▶ EXERCISE PROMPT
Only the stretch below from the line holding "Description: 14k Yellow" through the line holding "Rum Mehmed Paşa" should be restated, word for word and with both ends included; pictures stay out.
** Opening INFORMATION PROVIDED block **
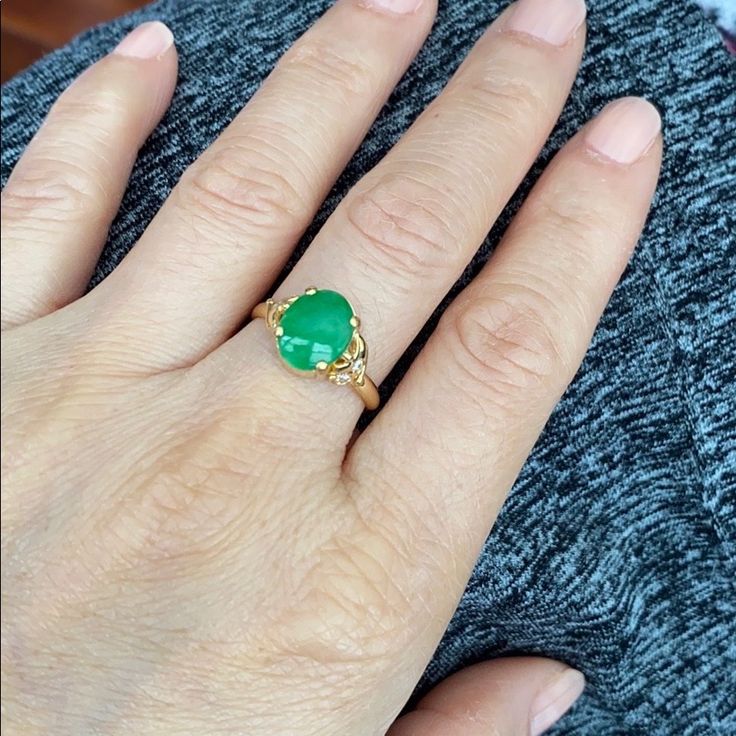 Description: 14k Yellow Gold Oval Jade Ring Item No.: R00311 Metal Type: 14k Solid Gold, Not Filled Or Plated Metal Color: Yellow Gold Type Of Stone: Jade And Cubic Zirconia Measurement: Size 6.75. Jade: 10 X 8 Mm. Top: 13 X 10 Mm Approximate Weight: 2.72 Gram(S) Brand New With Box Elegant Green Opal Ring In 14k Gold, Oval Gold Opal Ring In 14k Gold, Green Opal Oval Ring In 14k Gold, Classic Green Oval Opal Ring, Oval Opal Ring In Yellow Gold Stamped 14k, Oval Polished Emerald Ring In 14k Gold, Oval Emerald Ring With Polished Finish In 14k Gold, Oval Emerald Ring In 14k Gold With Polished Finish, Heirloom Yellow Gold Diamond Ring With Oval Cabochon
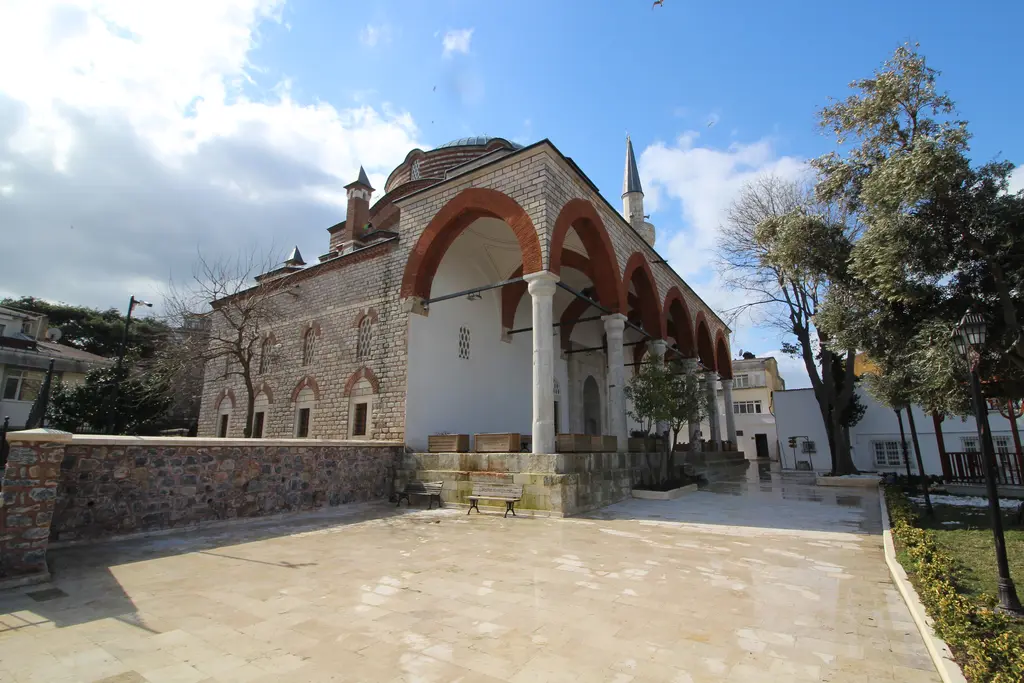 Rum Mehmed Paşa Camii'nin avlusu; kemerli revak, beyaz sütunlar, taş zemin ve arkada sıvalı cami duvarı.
** Closing INFORMATION PROVIDED block **
** Opening INFORMATION PROVIDED block **
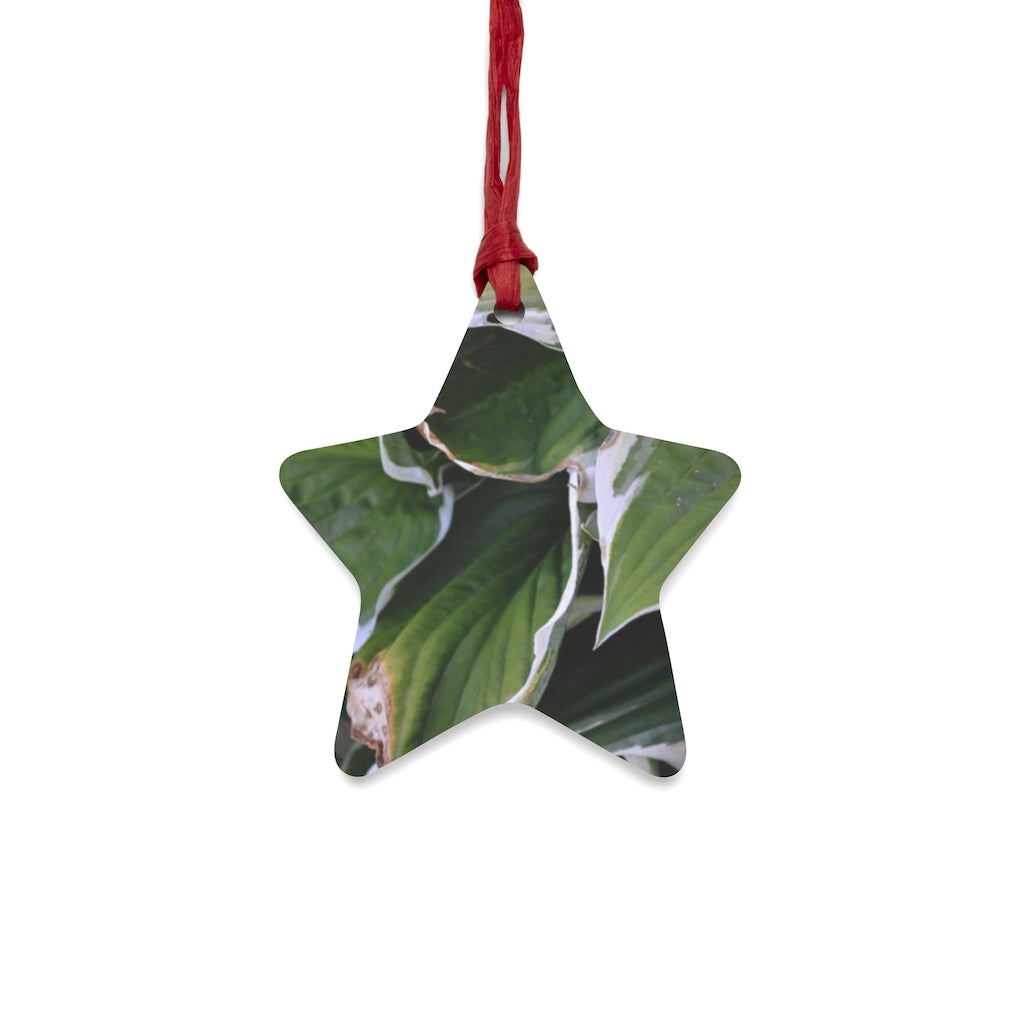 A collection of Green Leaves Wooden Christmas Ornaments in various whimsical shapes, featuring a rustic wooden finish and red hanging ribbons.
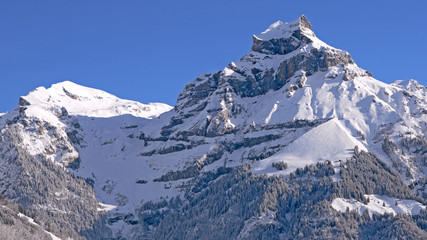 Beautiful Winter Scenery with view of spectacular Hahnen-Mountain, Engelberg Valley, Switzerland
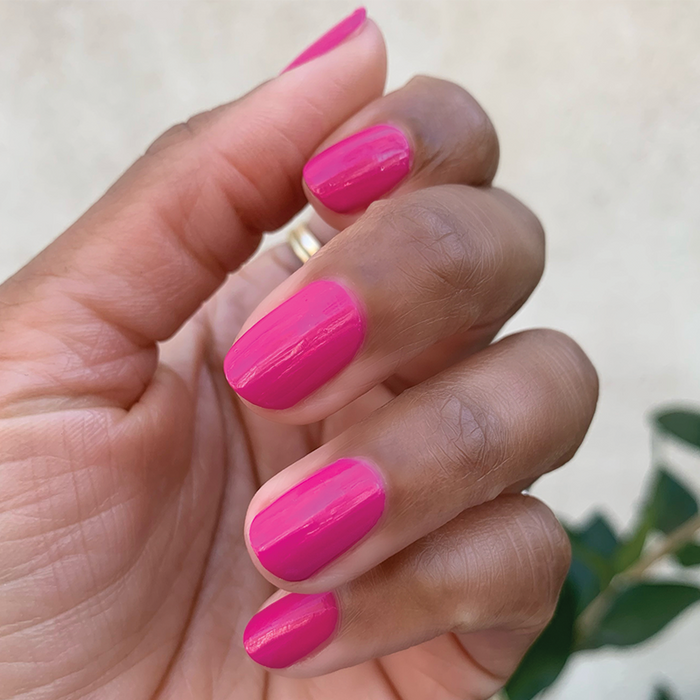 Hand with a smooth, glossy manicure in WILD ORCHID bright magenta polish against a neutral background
** Closing INFORMATION PROVIDED block **
** Opening INFORMATION PROVIDED block **
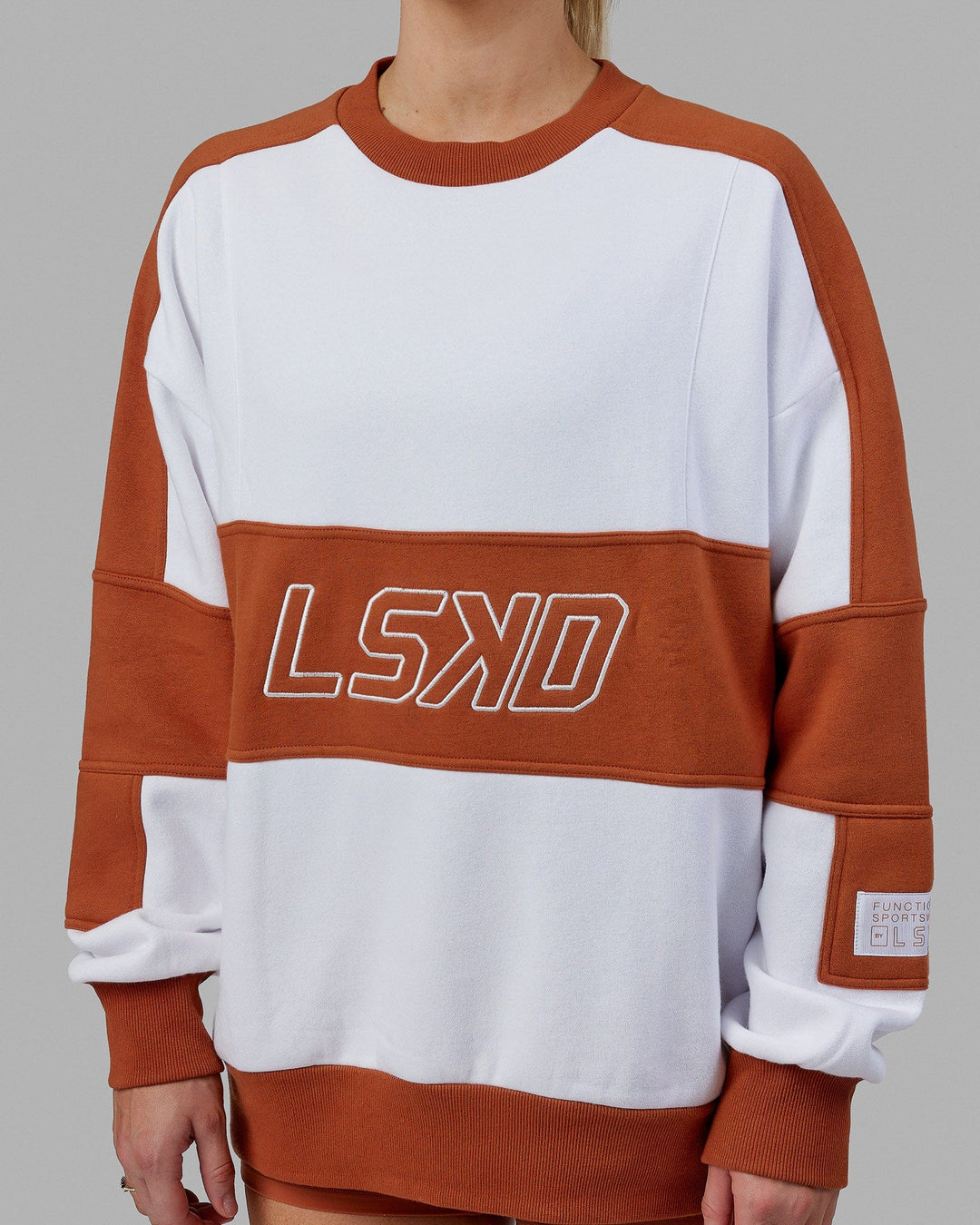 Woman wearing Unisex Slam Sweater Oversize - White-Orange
** Closing INFORMATION PROVIDED block **
▶ TASK RESPONSE
 Description: 14k Yellow Gold Oval Jade Ring Item No.: R00311 Metal Type: 14k Solid Gold, Not Filled Or Plated Metal Color: Yellow Gold Type Of Stone: Jade And Cubic Zirconia Measurement: Size 6.75. Jade: 10 X 8 Mm. Top: 13 X 10 Mm Approximate Weight: 2.72 Gram(S) Brand New With Box Elegant Green Opal Ring In 14k Gold, Oval Gold Opal Ring In 14k Gold, Green Opal Oval Ring In 14k Gold, Classic Green Oval Opal Ring, Oval Opal Ring In Yellow Gold Stamped 14k, Oval Polished Emerald Ring In 14k Gold, Oval Emerald Ring With Polished Finish In 14k Gold, Oval Emerald Ring In 14k Gold With Polished Finish, Heirloom Yellow Gold Diamond Ring With Oval Cabochon
 Rum Mehmed Paşa Camii'nin avlusu; kemerli revak, beyaz sütunlar, taş zemin ve arkada sıvalı cami duvarı.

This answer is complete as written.